Later today, Darrel Scott will guide you through our standards on agriculture, which are of particular significance to this region. Recently, we made some significant changes to the accounting treatment of so-called bearer biological assets in IAS 41 Agriculture. This is a good example of how the IASB listened very carefully to concerns raised by emerging economies.
Before the changes, biological bearer assets such as palm oil trees and grape
vines had to be measured at fair value. This meant that the fair value
fluctuations of a whole plantation would be included in profit or loss, even if
the owners had no intention to sell the plantation. Both preparers and investors
thought this distorted profit or loss and clamoured for change. Under our new
proposals, bearer assets will be treated more like property, plant and equipment
and measured at cost. The new standard will be less costly to apply and
will reduce artificial volatility in the income statement.
So as we have completed most of the big standards, should we conclude that we are done? I know some of our constituents would like us to come to that conclusion, as they have been struggling to keep up with constant change. Yet I believe there are reasons for us to not become complacent. There is still a lot of work to do. But our focus will not be so much on creating more big new standards as on improving the presentation of the information that we already require.
High quality, IFRS-compliant financial information is ‘necessary but not sufficient’ for financial reporting to achieve its communications objectives. We must recognise that preparers sometimes experience financial reporting as too much of a compliance exercise. Investors sometimes believe that the financial statements depict performance in an insufficiently clear manner.
Valuable information gets drowned out by ‘tick the box’ disclosures and voluminous, but poorly organised and presented financial data. Our standards are partly to blame for that. The fact is that IFRS Standards prescribe very little in the way of formatting the income statement. We define revenue, we define profit or loss, but we do not define very much in between.
So companies have considerable freedom in the way they present the components of income that make up profit or loss.

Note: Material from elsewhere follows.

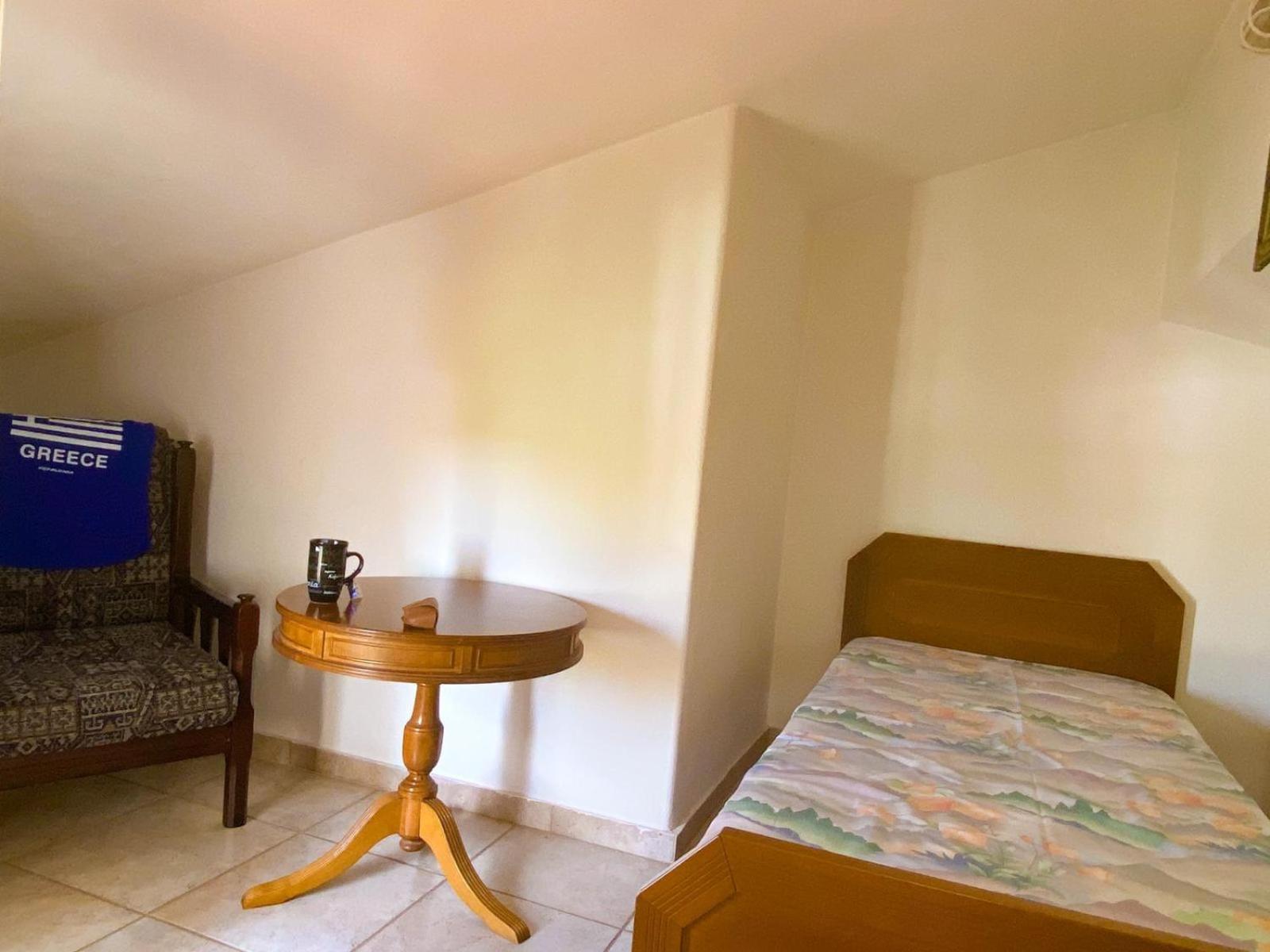 Anna'S Apartment And Studio Artemida  Bilik gambar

As a result, there is little comparability above the bottom line, making it difficult for users to judge performance.
Partly as a result of IFRS prescribing few subtotals in the income statement,
preparers increasingly present alternative performance measures to investors,
which is basically adjusted IFRS. This information is easier for users to
consume, but it almost always paints a rosier picture than reality and can be
highly misleading. In addition, many companies present non-financial information
on, for example, sustainability issues. For the investor, it is often difficult
to see the woods for the multitude of information trees.

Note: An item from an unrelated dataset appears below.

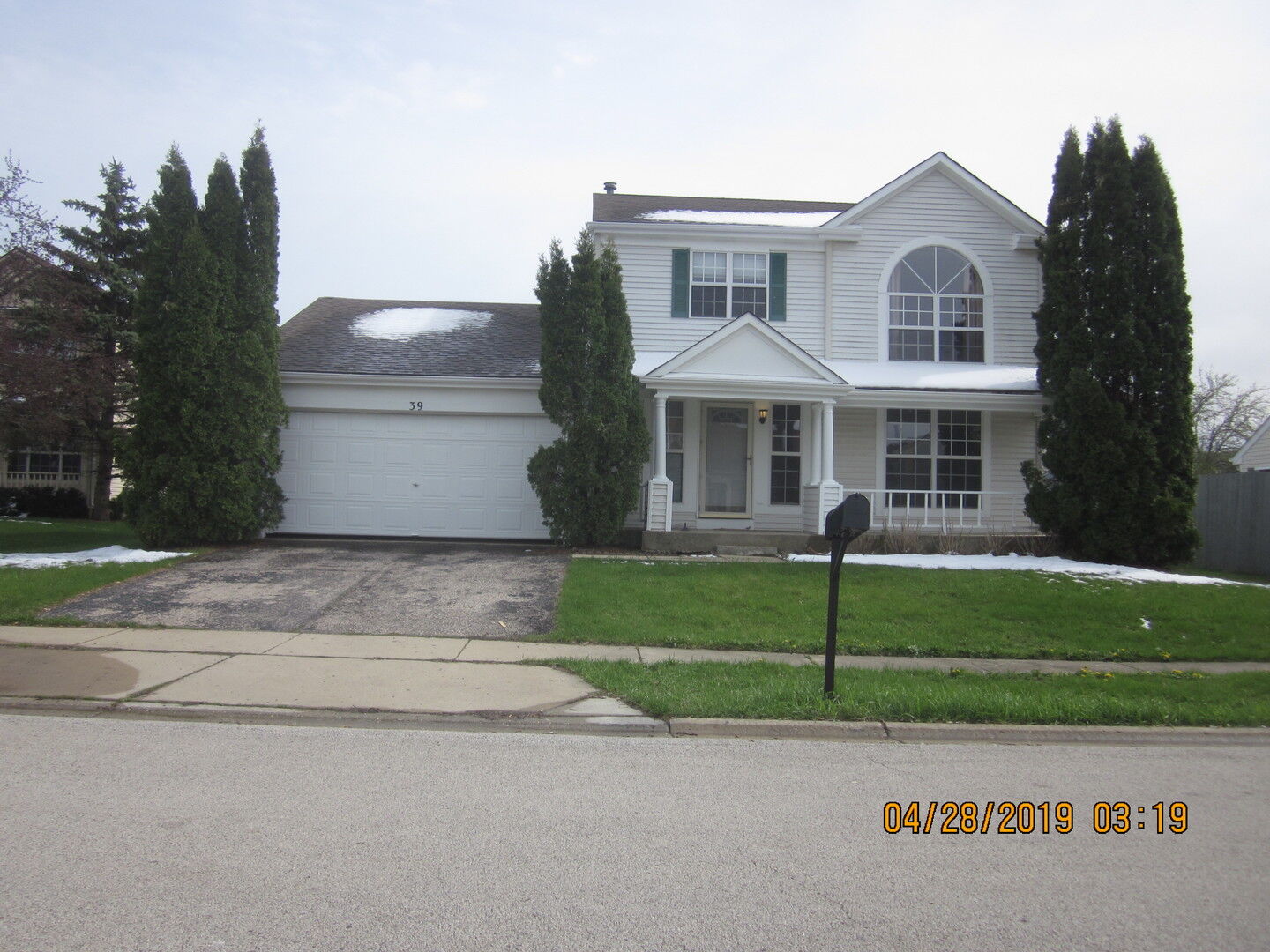 Property Photo:  39 Harrison Lane  IL 60107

So we have decided that we have to focus our work in the coming years on improving the communications effectiveness of IFRS-based financial statements. We are calling this theme ‘better communication’. So what will this mean in practical terms?
We will not propose to cut back the information provided, nor to dramatically increase it. But we are going to look at how this information is presented, how it is grouped together, and in what form it is made available. The objective is to make sure that companies can better tell their story through the financial statements, in a way that is clear, objective and consistent.

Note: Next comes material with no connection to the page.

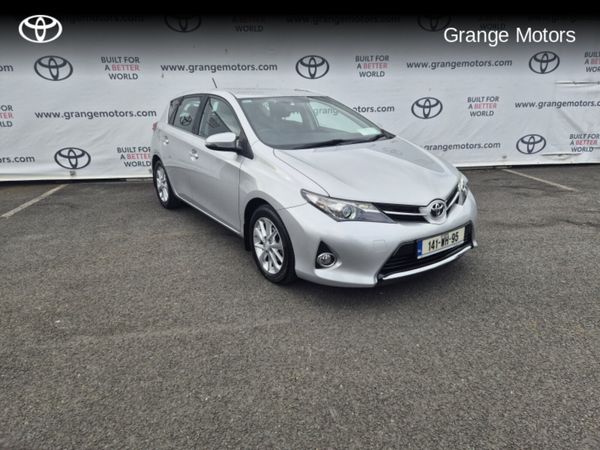 Toyota Auris Hatchback, Diesel, 2014, Silver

The central building block of this work will be our Primary Financial Statements project. This project will potentially result in a facelift of what is often called the ‘face of the financial statements’. Its focus will be to improve the organisation of the statements of financial performance (profit or loss and other comprehensive income), the statement of cash flows and the statement of financial position, also called the balance sheet. We might also try to find a better way to present some elements of Other Comprehensive Income, which is currently a conundrum for most investors.
Better communication will also be home to a number of current and future projects–all designed to improve the communications effectiveness of financial statements. These include the disclosure initiative project, the development of a materiality practice statement and our work on digital reporting. The good news is that we believe we can make substantial improvements in this area without introducing wholesale new information requirements.
Better communication will be an overarching theme and a source of inspiration
for the coming years. It responds to feedback we received through our
various consultations, and it will hopefully deliver material improvements to
the communications value of financial statements.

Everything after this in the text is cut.